◆ **WHAT YOU WILL DO**:
Reproduce, exactly and only, the lines of the data that follows from the one containing "That is it until" down to the one containing "All you need", without pictures.

◆ **TASK INPUT**:

______

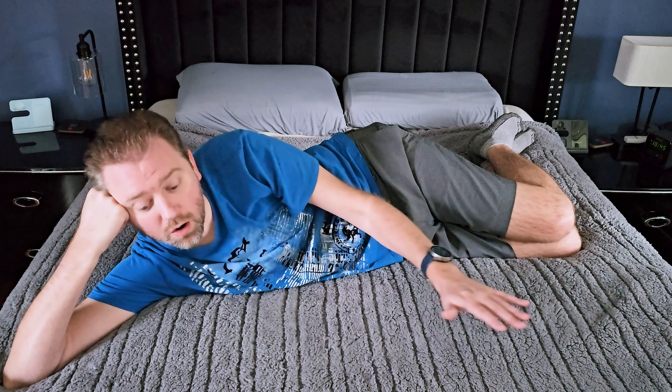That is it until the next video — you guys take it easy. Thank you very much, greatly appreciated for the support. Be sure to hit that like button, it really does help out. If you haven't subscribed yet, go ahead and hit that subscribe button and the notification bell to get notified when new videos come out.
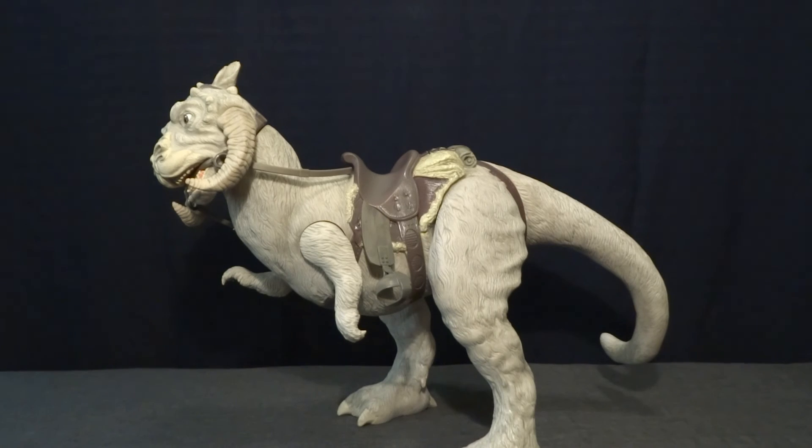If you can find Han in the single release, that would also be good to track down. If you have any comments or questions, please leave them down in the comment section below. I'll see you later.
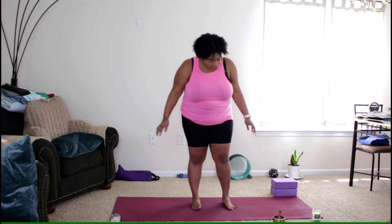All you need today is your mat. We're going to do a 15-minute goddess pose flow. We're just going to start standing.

______

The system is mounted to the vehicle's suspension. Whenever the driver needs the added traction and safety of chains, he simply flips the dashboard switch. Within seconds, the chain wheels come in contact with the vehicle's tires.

______

◆ **PROBLEM SOLUTION**:
That is it until the next video — you guys take it easy. Thank you very much, greatly appreciated for the support. Be sure to hit that like button, it really does help out. If you haven't subscribed yet, go ahead and hit that subscribe button and the notification bell to get notified when new videos come out.
If you can find Han in the single release, that would also be good to track down. If you have any comments or questions, please leave them down in the comment section below. I'll see you later.
All you need today is your mat. We're going to do a 15-minute goddess pose flow. We're just going to start standing.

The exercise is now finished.